En los últimos días se ha revivido a nivel nacional el debate sobre un tema que hace meses fue puesto en la palestra política: que los ministros de la Suprema Corte de Justicia de la Nación sean elegidos por el pueblo.
No es cosa menor. Tiene grandes implicaciones. Tiene pros y contras. De ahí que sea susceptible de debate, porque si todos pensáramos lo mismo, no valdría la pena polemizar.
Para mí, de entrada, la propuesta se justifica en nombre de la voluntad popular, que es el núcleo de un régimen democrático (y yo me asumo demócrata).
En su libro sobre la doctrina de la separación de poderes, el politólogo británico Maurice John Crawley Vile expone el pensamiento de Thomas Jefferson, para quien el único correctivo eficaz contra los abusos del poder era precisamente conferirle poder a los electores, es decir, capacidad para elegir a los miembros del legislativo, ejecutivo y judicial por votación directa y frecuente. Así se justificaba la defensa del sistema de frenos y contrapesos.

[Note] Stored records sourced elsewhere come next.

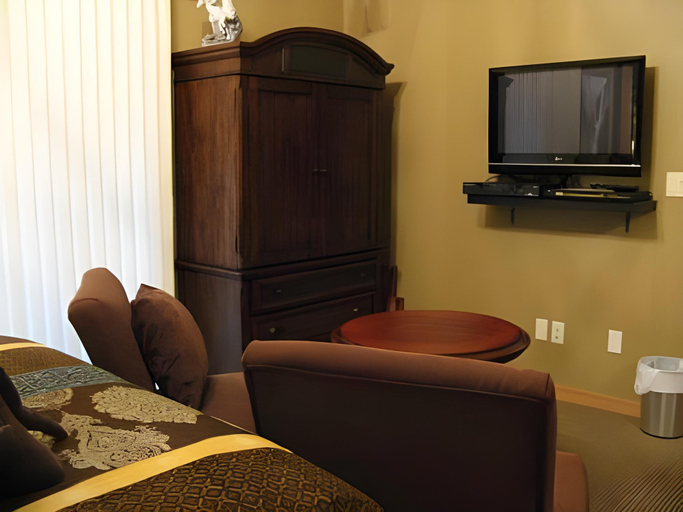 Others 3, Windborne Bed & Breakfast, Central Kootenay
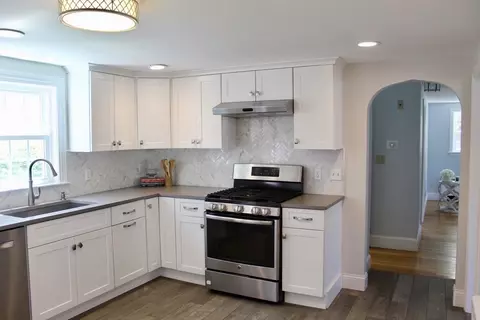 28 Powers St, Needham, MA 02492 photo 4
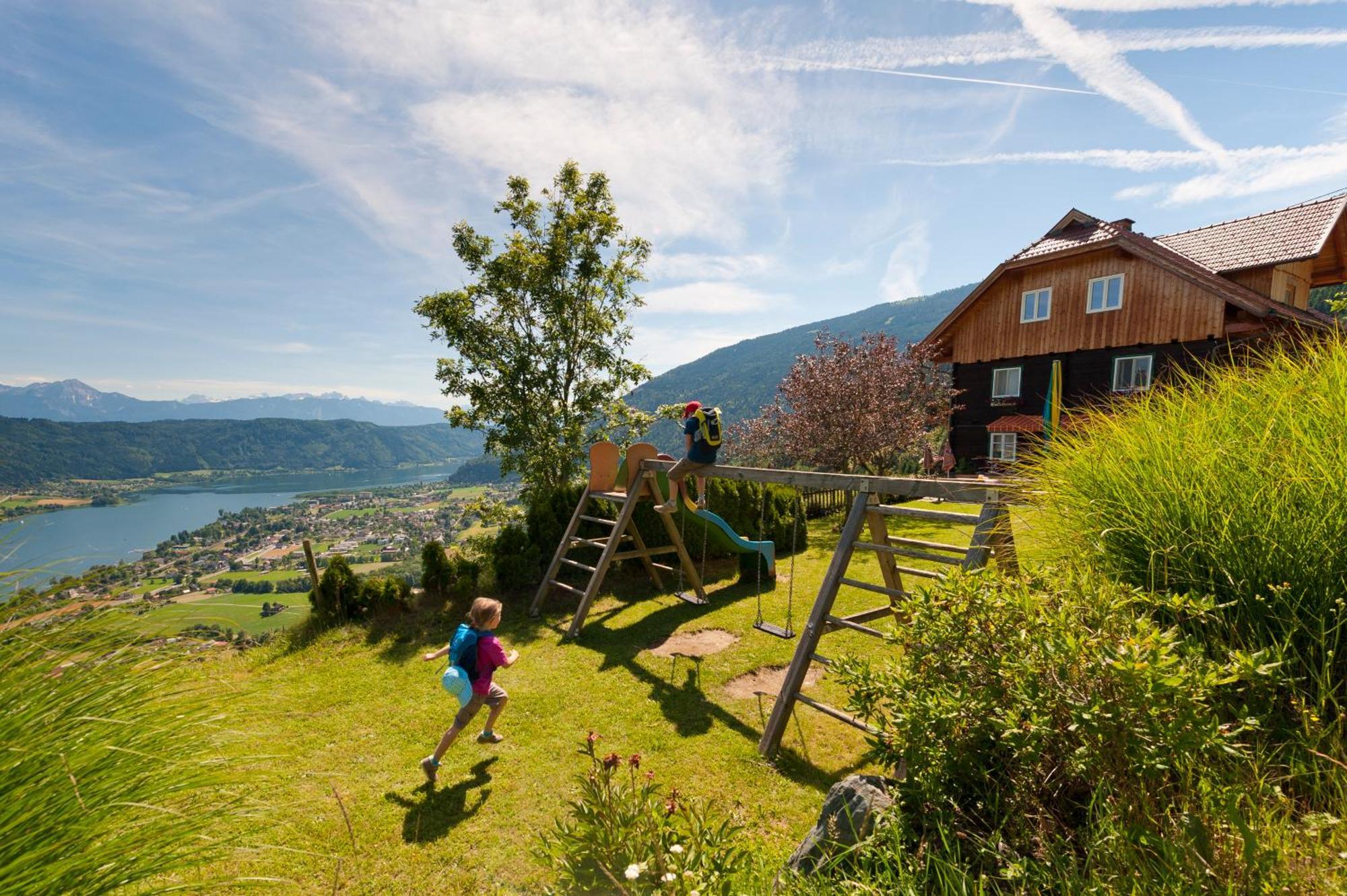 Blaues Haus Ferienwohnung Bodensdorf Ossiacher See Gerlitzen Alpe Extérieur photo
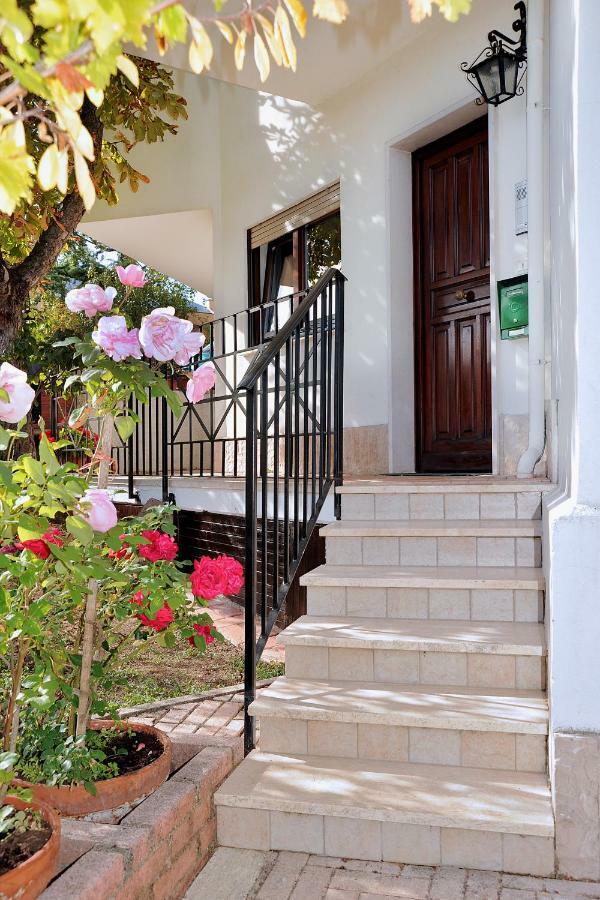Apartament A Casa Di Galdino E Vittorianna LʼAquila Zewnętrze zdjęcie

No obstante, aun con todos los aires democráticos que puedan empujar un planteamiento de este tipo, hay que amarrarse fuertemente al mástil para no dejarse llevar por el canto de las sirenas. Hay aristas que deben considerarse, porque en el caso de los ministros se trata de los miembros de un poder público que debería gozar —al menos en teoría— de cierto nivel de especialización e independencia.
El análisis de las experiencias de los pocos países que han transitado por este camino nos dice mucho. En América Latina ha sido lamentable. En Bolivia, por ejemplo, las evidencias de los debates públicos muestran que se arrepintieron de haber tomado esa decisión en 2011, porque los magistrados del Tribunal de Justicia no cuentan con la legitimidad que se supone les daría el voto popular; al contrario, la independencia de los jueces se ha visto seriamente comprometida.

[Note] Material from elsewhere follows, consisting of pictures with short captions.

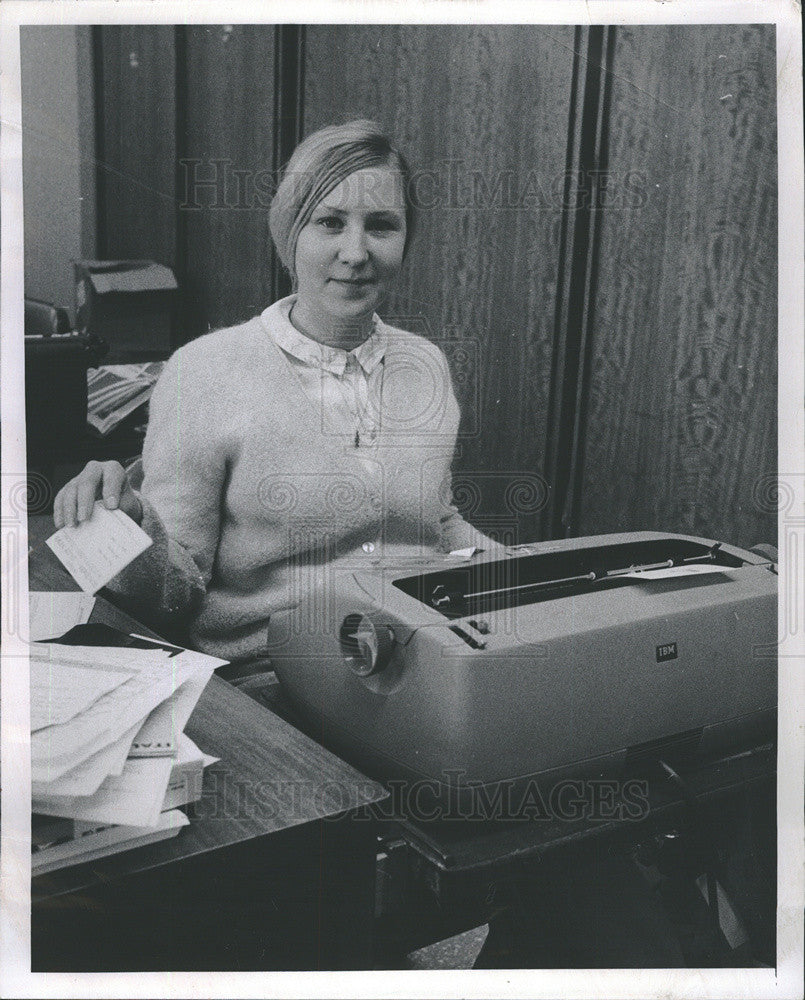 1970 Press Photo Travel Clerk Elaine Price Chicago &quot;What&#39;s Goin&#39; On&quot; - Historic Images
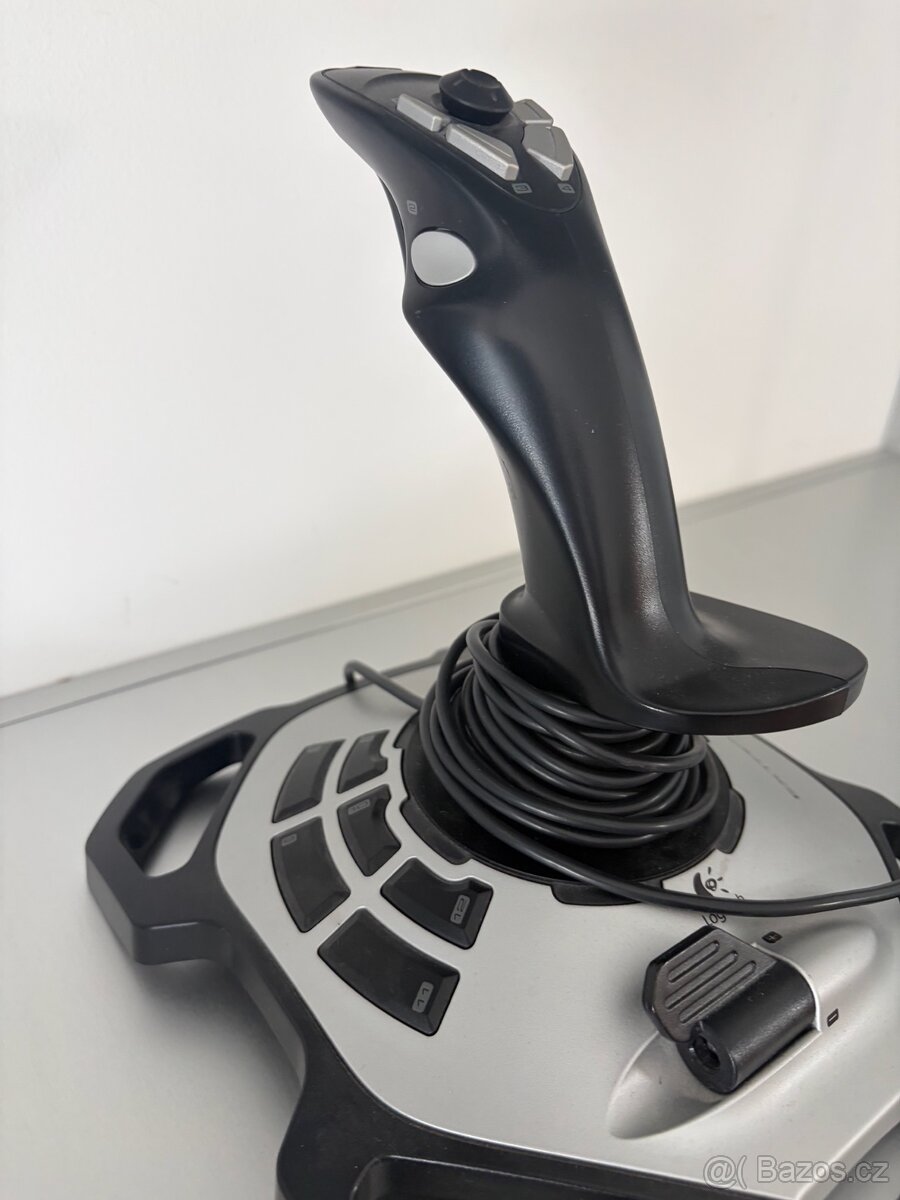 Logitech Joystick Extreme 3D Pro s originální krabicí. - 2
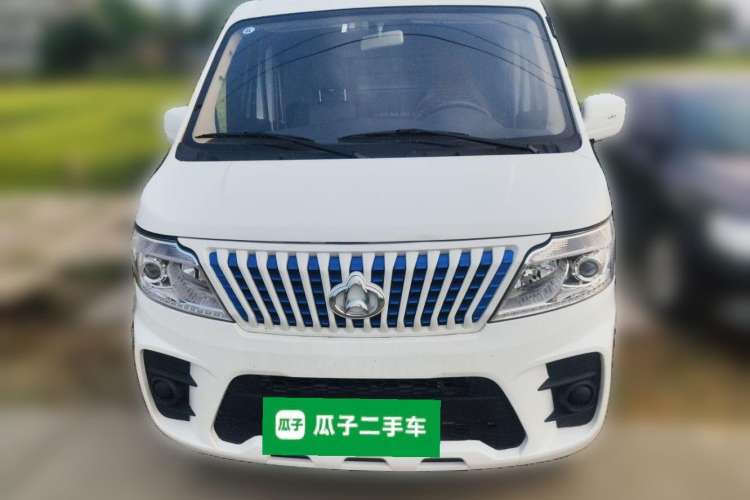 Used CHANGAN KAICHENG Ruixing EM60 2023 All-Electric Van 4525 mm Long Flat Roof with Side Doors 2 Seats 60 kW 38.7 kWh
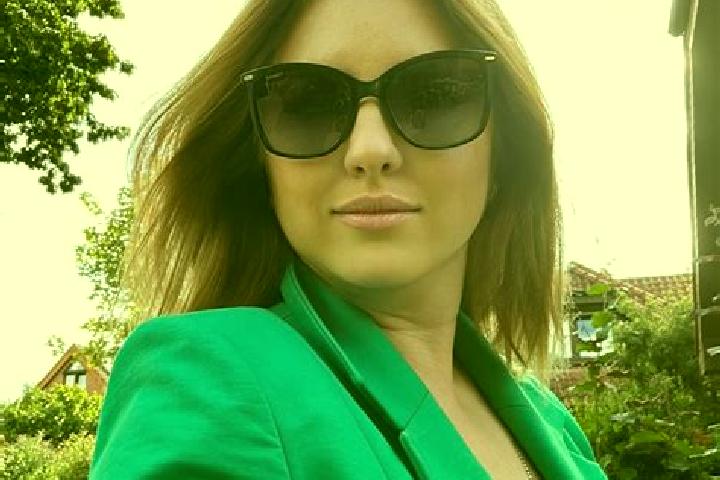 Hannah, 21 — Escort in Swindon, United Kingdom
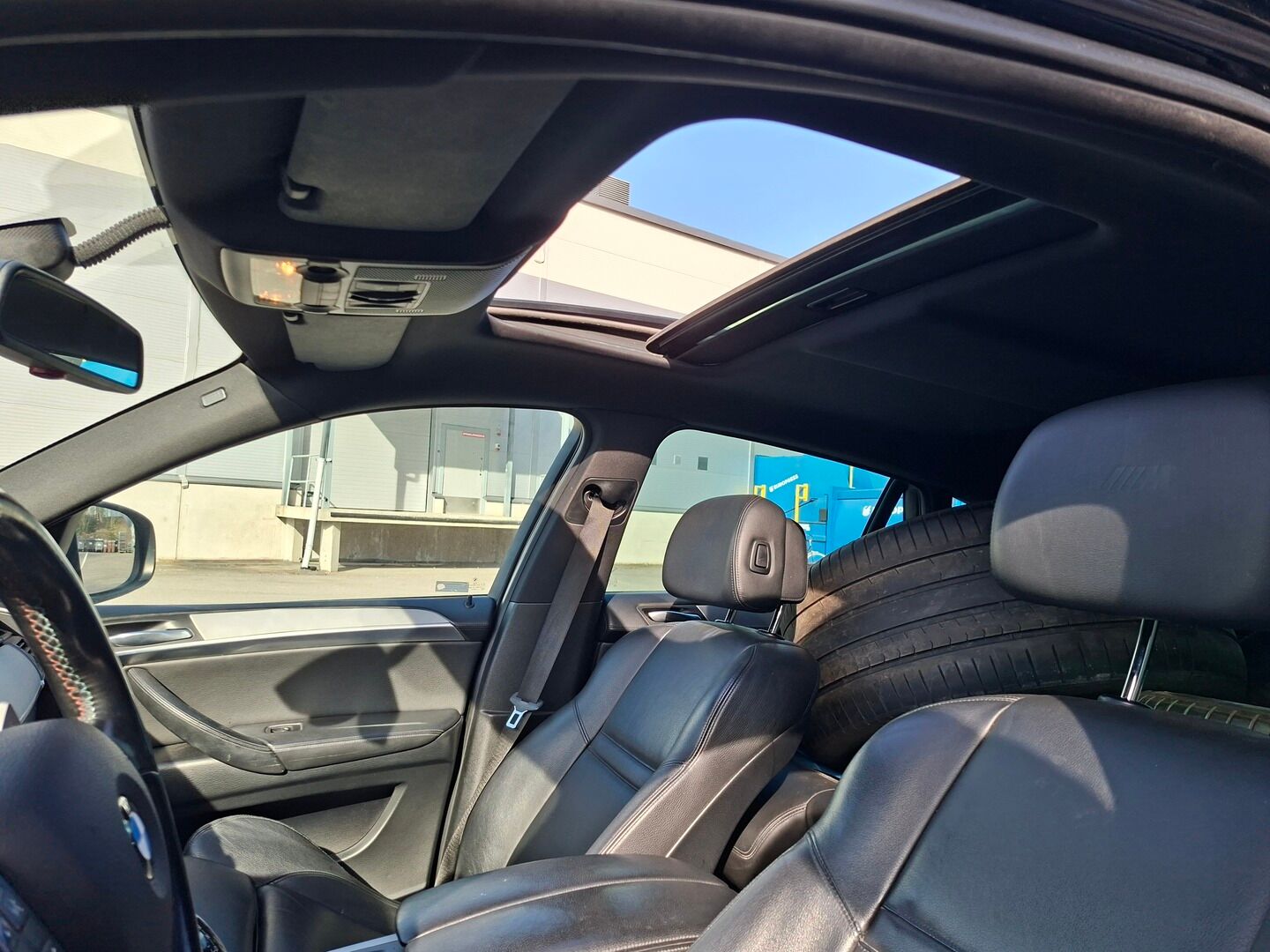 BMW X6M 2010 E71 SAV * YritysOutlet - Myydään vain yrityksille * - HUD / Vetokoukku / Kattoluukku / Prof.Navi / Peruutuskamera / Muistipenkki / Nahkasisusta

Hay otros países donde se elige por voto popular a los jueces de paz o de nivel equivalente, como los casos de Perú, Colombia, Venezuela y Argentina, pero con resultados similares a los de Bolivia, es decir, poco presumibles.

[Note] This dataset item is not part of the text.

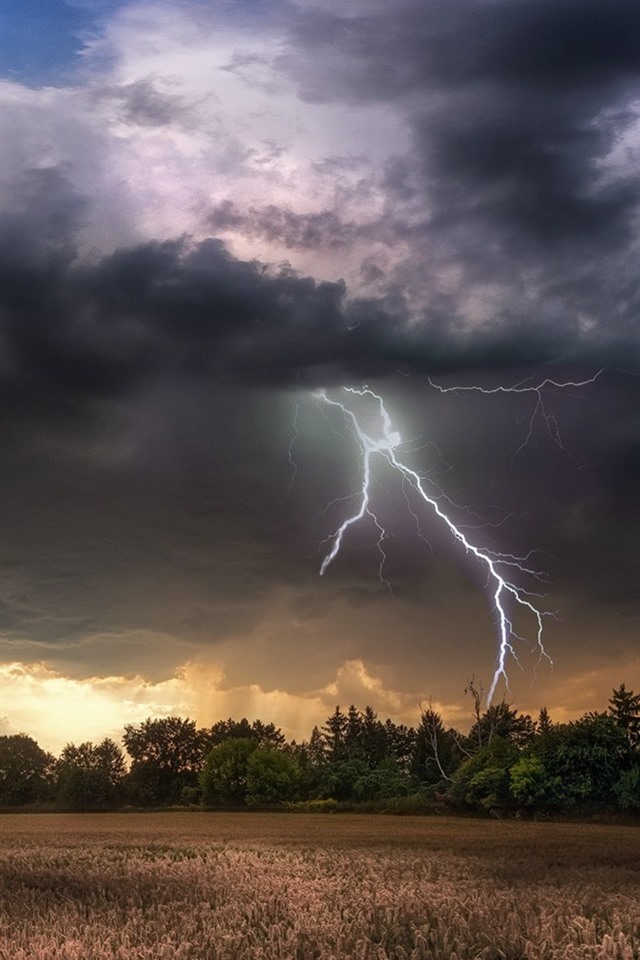 Thunderstorm - 640x960 Wallpaper - teahub.io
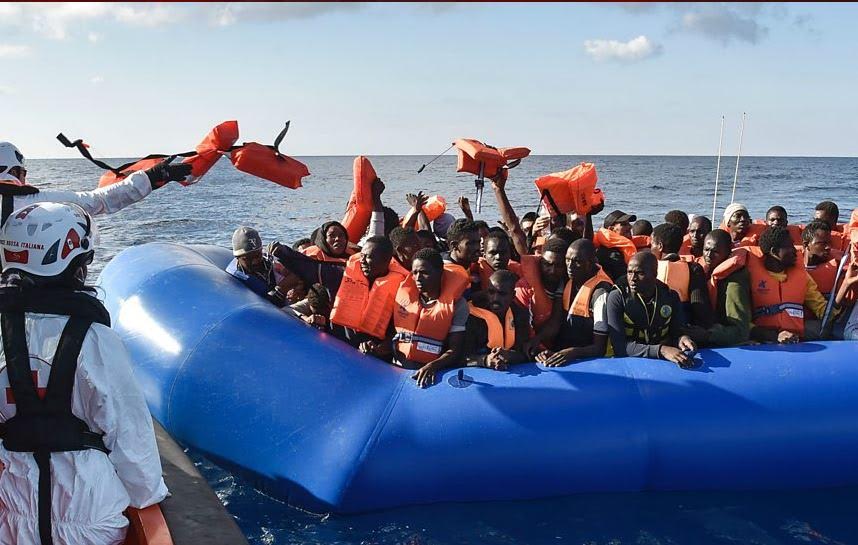 Inmigrantes africanos llegando a Italia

En resumidas cuentas, al margen de los siempre atractivos afanes democráticos, el análisis comparado debe llevarnos a pensar dos veces en las consecuencias de adoptar tal propuesta.
Algunas preguntas relativas a este polémico planteamiento no deberían quedarse en el tintero:
¿Qué tendrían que hacer los ministros para gozar de legitimidad y permanecer en el cargo? ¿Decidir conforme a las preferencias y exigencias del pueblo, supeditando a estos criterios la correcta aplicación del derecho, sus razonamientos y decisiones judiciales? ¿En realidad es el pueblo lo suficientemente sabio como para elegir a los idóneos, a los más capaces de garantizar la seguridad jurídica y salvaguardar el Estado de Derecho?
Hay mucho qué discutir sobre un tema en el que, como en tantos otros, debe primar la razón más que la pasión.
¿CÓMO ELEGIMOS?
Leí hace algunos años el libro "Antropología breve", de Juan Manuel Burgos (2010). Me dio luces para la siguiente reflexión:
Elegir auténticamente demanda libertad. No falla nunca. Elegir bajo presión o condición es condenarse a la prisión. Si bien pocas veces, por no decir nunca, nos preocupamos por los entresijos de la mente cuando se toman decisiones, está probado que solo la libertad nos da la capacidad de elegir lo que deseamos o queremos.
La fórmula parece sencilla: elijo porque quiero, lo que significa que nada ni nadie me obliga a actuar. Por lo tanto, gracias a la autodeterminación decido elegir de entre varias alternativas aquella que más me conviene. Esta decisión conlleva un imperativo ético, una dimensión moral, porque siempre que tengamos la libertad de actuar se nos presenta el dilema de hacerlo bien o mal.
El pueblo, como se puede ver, no es sabio "per se", no es sabio en sí mismo.